- PROVIDED MATERIAL:
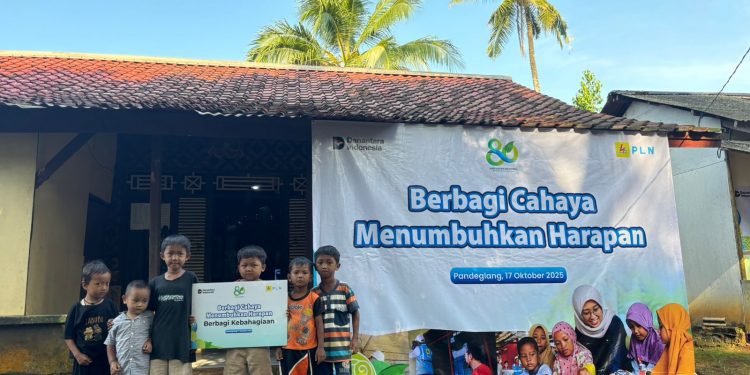 Dukung Kebijakan Pemerintah, BPPKB Pandeglang Mantapkan Langkah Lewat Konsolidasi dan Aksi Sosial 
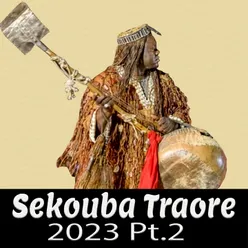 Soussoudiana Sekouba Sangare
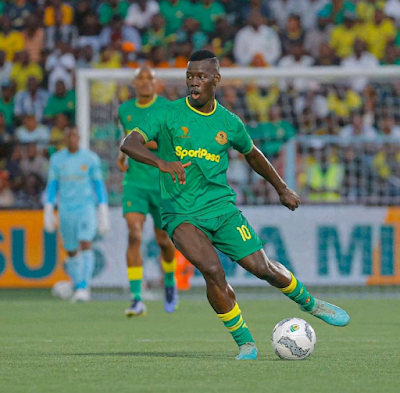 Hawa hapa Wafungaji Bora Ligi Kuu Tanzania, Top Scores NBC Premier League 2024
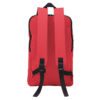 Mochila Poliéster 12 lts.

- WHAT YOU HAVE TO DO:
Repeat every line above exactly, minus the pictures.

- SOLUTION:
 Dukung Kebijakan Pemerintah, BPPKB Pandeglang Mantapkan Langkah Lewat Konsolidasi dan Aksi Sosial 
 Soussoudiana Sekouba Sangare
 Hawa hapa Wafungaji Bora Ligi Kuu Tanzania, Top Scores NBC Premier League 2024
 Mochila Poliéster 12 lts.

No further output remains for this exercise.